When Prohibition ended 79 years ago, California replaced the bootleg liquor trade with a legal monopoly – a series of laws that locked in industry marketing practices and enforced industry-established retail prices.
The misnamed “fair trade” laws were the handiwork of the Capitol’s dominant lobbyist of the era, Artie Samish, who later described it this way in his autobiography:
“Only by regulation and enforcement could the alcoholic beverage business thrive and prosper. Cutthroat competition could have been ruinous. So I put through fair-trade laws to protect wholesalers, distributors and retailers. All of them make a profit in California, and they always have.”
Samish went to prison for treating the Legislature like a puppet (he was once photographed holding a ventriloquist’s dummy he named “Mr. Legislature”). But his laws remained on the books for decades, until the courts struck down price-fixing.
Nevertheless, other portions remained intact. One is called “tied-house” and ostensibly separates liquor trade into three separate levels – producers (brewers, vintners and distillers), wholesalers and retailers – and prohibits intermingling.

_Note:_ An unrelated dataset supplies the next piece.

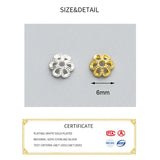 925 Sterling Silver Flower Bead Caps Charms DIY Jewelry Accessory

One says “ostensibly” because over the years, the Legislature has granted many specific exemptions, such as one given to members of the Bronfman distilling family (Seagram) when they purchased Universal Studios, which sold liquor in its theme parks, and another for movie titanFrancis Ford Coppola when he, as a winery owner, wanted to open a restaurant.
The many exemptions indicate that the tied-house law is overdue for repeal or at least an overhaul. But wholesalers, who fear direct sales to consumers by producers and/or being bypassed by producer-to-retailer arrangements, want to keep it intact.
Furthermore, Capitol politicians like having exemption-seekers come to them, hats in hand. The tied-house law has generated a steady flow of campaign contributions and lobbying fees, and scarcely a year passes without at least one exemption bill being introduced.
It appears that 2013 will be no exception, because a newly formed association of 22 small California distillers wants to emulate wineries and breweries and receive legal permission to stage “tastings” to sell their whiskeys.
“California is a huge presence in the wine world and has also produced notable brewery entrepreneurs,” says Cris Steller, an El Dorado County distiller and secretary of the California Artisanal Distillers Guild.
He said “a level playing field for California distillers” would provide “a positive economic impact” for more than just his industry.
The guild has retained a lobbying firm and lined up a legislator to carry its “Taste California” bill, but wholesalers, who see it as a further erosion of their role, will strenuously oppose it.